While the built-in Pi-hole chronometer is a nice feature, and PADD (formerly Chronometer2) is a really handy utility, I still felt a little was missing. There’s a lot more information available from Pi-hole than can realistically fit on one screen, and many of the popular displays for Raspberry Pi’s are TOUCH screens. So I thought, “Why not create a display that actually uses the touchscreen functionality?” I also thought “Why not use templates for the display so people can customize their displays?”

The result of those two questions I posed to myself is a Python app I named “phad”, for “pi-hole alternate display”.

The main screen of phad will look very familiar to people who use PADD. It does provide a nice summary of the current state of your Pi-Hole, so why change what works? But if you have a touch screen then tapping on it will also cycle through displays of the top 20 ads, then the top 20 domains, and finally the top 20 clients.

And these displays are just the default ones that come with phad. If you are familiar with jinja2 formatting and how to format python variables you can easily create custom templates to display Pi-hole data virtually any way you can imagine.

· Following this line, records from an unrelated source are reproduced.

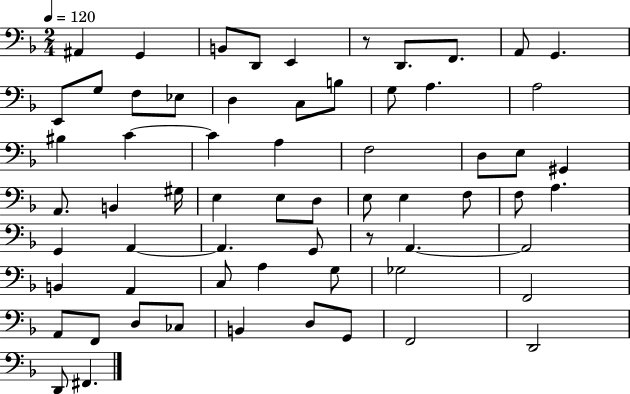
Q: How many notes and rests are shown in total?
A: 64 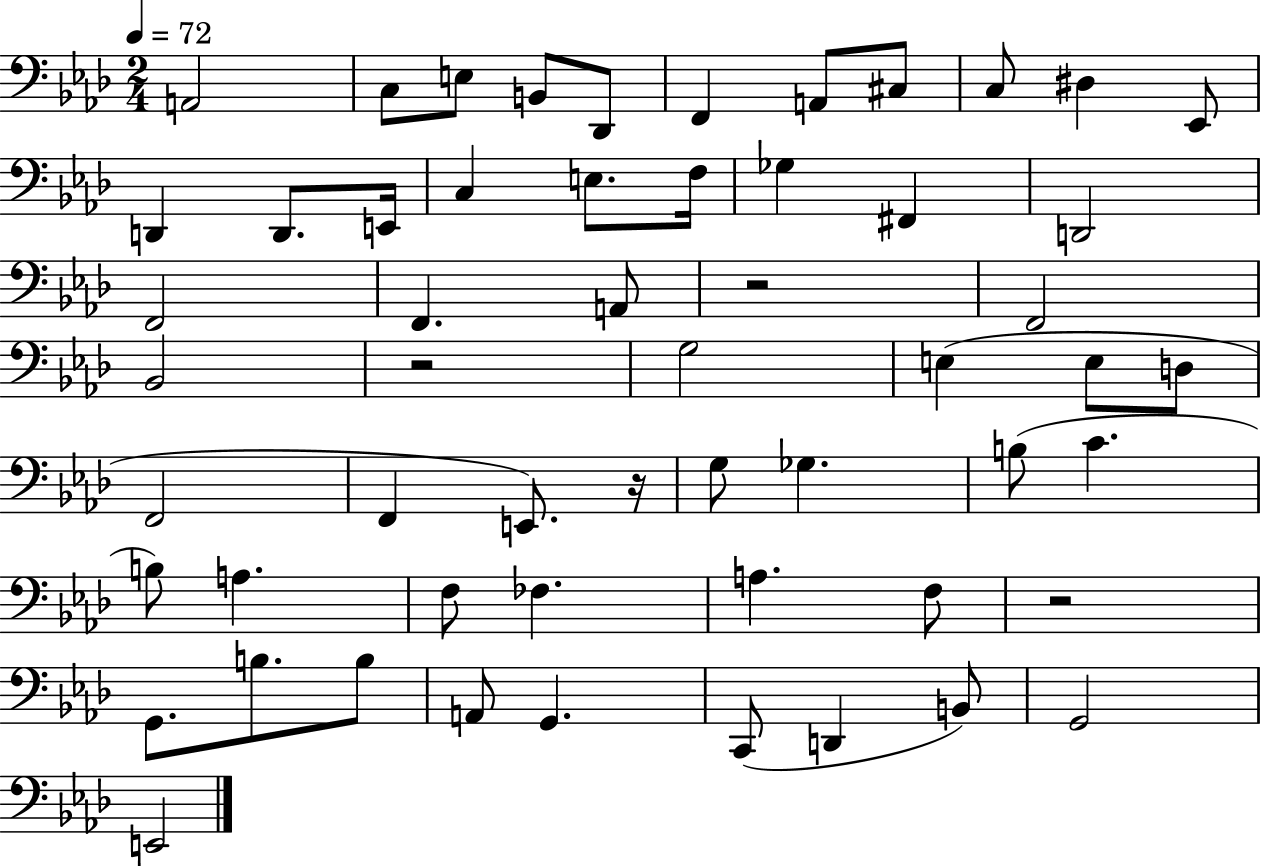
X:1
T:Untitled
M:2/4
L:1/4
K:Ab
A,,2 C,/2 E,/2 B,,/2 _D,,/2 F,, A,,/2 ^C,/2 C,/2 ^D, _E,,/2 D,, D,,/2 E,,/4 C, E,/2 F,/4 _G, ^F,, D,,2 F,,2 F,, A,,/2 z2 F,,2 _B,,2 z2 G,2 E, E,/2 D,/2 F,,2 F,, E,,/2 z/4 G,/2 _G, B,/2 C B,/2 A, F,/2 _F, A, F,/2 z2 G,,/2 B,/2 B,/2 A,,/2 G,, C,,/2 D,, B,,/2 G,,2 E,,2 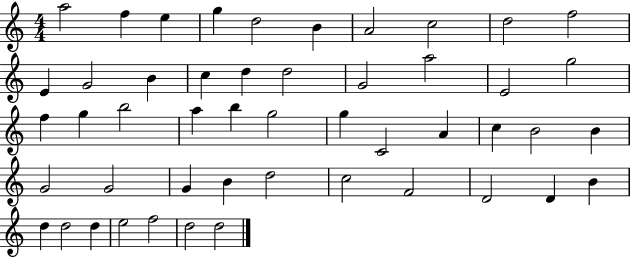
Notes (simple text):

A5/h F5/q E5/q G5/q D5/h B4/q A4/h C5/h D5/h F5/h E4/q G4/h B4/q C5/q D5/q D5/h G4/h A5/h E4/h G5/h F5/q G5/q B5/h A5/q B5/q G5/h G5/q C4/h A4/q C5/q B4/h B4/q G4/h G4/h G4/q B4/q D5/h C5/h F4/h D4/h D4/q B4/q D5/q D5/h D5/q E5/h F5/h D5/h D5/h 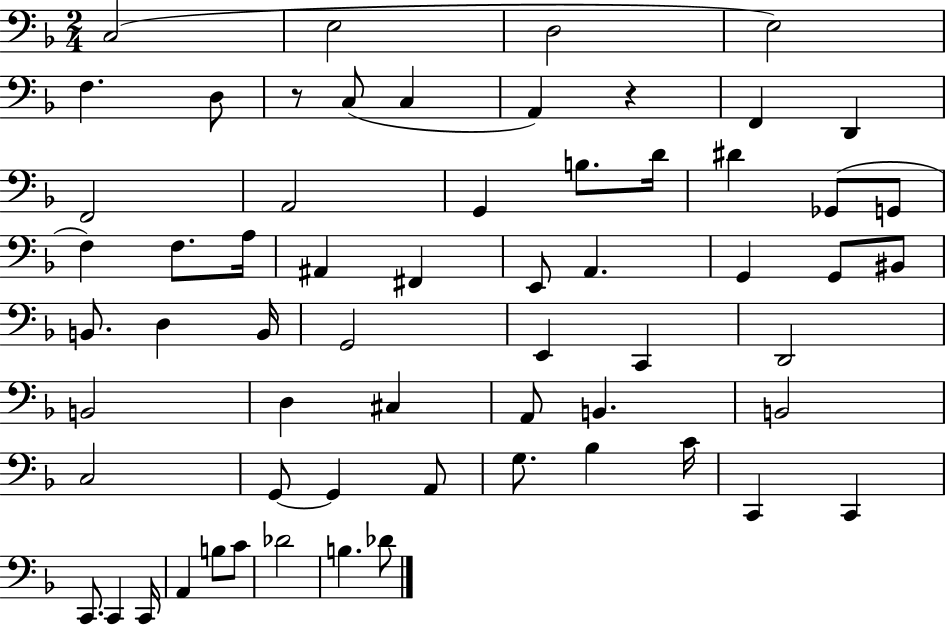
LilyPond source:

{
  \clef bass
  \numericTimeSignature
  \time 2/4
  \key f \major
  c2( | e2 | d2 | e2) | \break f4. d8 | r8 c8( c4 | a,4) r4 | f,4 d,4 | \break f,2 | a,2 | g,4 b8. d'16 | dis'4 ges,8( g,8 | \break f4) f8. a16 | ais,4 fis,4 | e,8 a,4. | g,4 g,8 bis,8 | \break b,8. d4 b,16 | g,2 | e,4 c,4 | d,2 | \break b,2 | d4 cis4 | a,8 b,4. | b,2 | \break c2 | g,8~~ g,4 a,8 | g8. bes4 c'16 | c,4 c,4 | \break c,8. c,4 c,16 | a,4 b8 c'8 | des'2 | b4. des'8 | \break \bar "|."
} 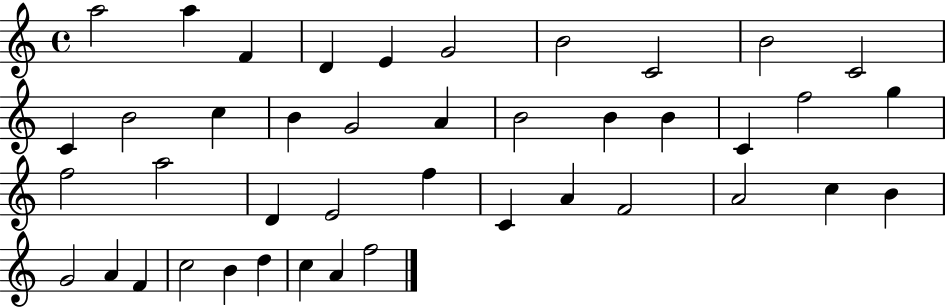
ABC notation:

X:1
T:Untitled
M:4/4
L:1/4
K:C
a2 a F D E G2 B2 C2 B2 C2 C B2 c B G2 A B2 B B C f2 g f2 a2 D E2 f C A F2 A2 c B G2 A F c2 B d c A f2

And if you don’t have a touchscreen display you can still make use of phad. It has the option to cycle between displays every few seconds, and you can control the rate at which the displays cycle and exactly which ones are displayed.

Because of the flexibility of phad it may be a little cumbersome for folks who are not programmers or otherwise technically savvy. It is written in Python, and does require a Python module that is not installed on Raspbian by default, but it is written such that it should be fairly easy to install and launch by following the installation instructions in the README.

This is still very much a work in progress on my behalf, so comments, suggestions, etc. are all appreciated.